What to work on — A faithful copy of all the data below, please; leave no line out.

Segment Open

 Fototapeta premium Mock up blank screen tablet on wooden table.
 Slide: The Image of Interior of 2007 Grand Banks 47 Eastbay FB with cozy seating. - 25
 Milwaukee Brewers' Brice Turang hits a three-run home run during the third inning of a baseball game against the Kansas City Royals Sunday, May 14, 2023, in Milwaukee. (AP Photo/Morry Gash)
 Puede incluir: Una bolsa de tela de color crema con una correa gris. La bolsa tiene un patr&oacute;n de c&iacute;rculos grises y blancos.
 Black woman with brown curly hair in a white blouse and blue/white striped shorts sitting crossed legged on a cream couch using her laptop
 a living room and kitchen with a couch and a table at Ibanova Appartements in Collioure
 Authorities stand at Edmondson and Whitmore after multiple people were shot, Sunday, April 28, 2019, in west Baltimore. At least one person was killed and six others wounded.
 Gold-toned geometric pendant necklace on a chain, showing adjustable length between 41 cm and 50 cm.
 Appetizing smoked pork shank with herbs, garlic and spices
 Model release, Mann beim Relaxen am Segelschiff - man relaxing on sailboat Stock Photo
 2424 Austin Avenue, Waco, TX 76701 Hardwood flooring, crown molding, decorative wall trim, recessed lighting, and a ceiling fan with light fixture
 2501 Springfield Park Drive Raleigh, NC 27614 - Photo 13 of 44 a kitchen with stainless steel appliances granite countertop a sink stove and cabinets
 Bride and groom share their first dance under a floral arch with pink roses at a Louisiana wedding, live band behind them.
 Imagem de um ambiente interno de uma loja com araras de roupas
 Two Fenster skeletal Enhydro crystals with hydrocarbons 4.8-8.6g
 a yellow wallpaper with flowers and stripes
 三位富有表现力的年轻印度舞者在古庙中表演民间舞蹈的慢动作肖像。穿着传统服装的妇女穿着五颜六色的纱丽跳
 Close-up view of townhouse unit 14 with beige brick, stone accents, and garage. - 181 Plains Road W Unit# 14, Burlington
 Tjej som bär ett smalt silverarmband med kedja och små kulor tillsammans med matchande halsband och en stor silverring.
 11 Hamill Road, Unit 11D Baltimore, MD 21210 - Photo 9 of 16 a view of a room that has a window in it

Segment Closed

Response area —
 Fototapeta premium Mock up blank screen tablet on wooden table.
 Slide: The Image of Interior of 2007 Grand Banks 47 Eastbay FB with cozy seating. - 25
 Milwaukee Brewers' Brice Turang hits a three-run home run during the third inning of a baseball game against the Kansas City Royals Sunday, May 14, 2023, in Milwaukee. (AP Photo/Morry Gash)
 Puede incluir: Una bolsa de tela de color crema con una correa gris. La bolsa tiene un patr&oacute;n de c&iacute;rculos grises y blancos.
 Black woman with brown curly hair in a white blouse and blue/white striped shorts sitting crossed legged on a cream couch using her laptop
 a living room and kitchen with a couch and a table at Ibanova Appartements in Collioure
 Authorities stand at Edmondson and Whitmore after multiple people were shot, Sunday, April 28, 2019, in west Baltimore. At least one person was killed and six others wounded.
 Gold-toned geometric pendant necklace on a chain, showing adjustable length between 41 cm and 50 cm.
 Appetizing smoked pork shank with herbs, garlic and spices
 Model release, Mann beim Relaxen am Segelschiff - man relaxing on sailboat Stock Photo
 2424 Austin Avenue, Waco, TX 76701 Hardwood flooring, crown molding, decorative wall trim, recessed lighting, and a ceiling fan with light fixture
 2501 Springfield Park Drive Raleigh, NC 27614 - Photo 13 of 44 a kitchen with stainless steel appliances granite countertop a sink stove and cabinets
 Bride and groom share their first dance under a floral arch with pink roses at a Louisiana wedding, live band behind them.
 Imagem de um ambiente interno de uma loja com araras de roupas
 Two Fenster skeletal Enhydro crystals with hydrocarbons 4.8-8.6g
 a yellow wallpaper with flowers and stripes
 三位富有表现力的年轻印度舞者在古庙中表演民间舞蹈的慢动作肖像。穿着传统服装的妇女穿着五颜六色的纱丽跳
 Close-up view of townhouse unit 14 with beige brick, stone accents, and garage. - 181 Plains Road W Unit# 14, Burlington
 Tjej som bär ett smalt silverarmband med kedja och små kulor tillsammans med matchande halsband och en stor silverring.
 11 Hamill Road, Unit 11D Baltimore, MD 21210 - Photo 9 of 16 a view of a room that has a window in it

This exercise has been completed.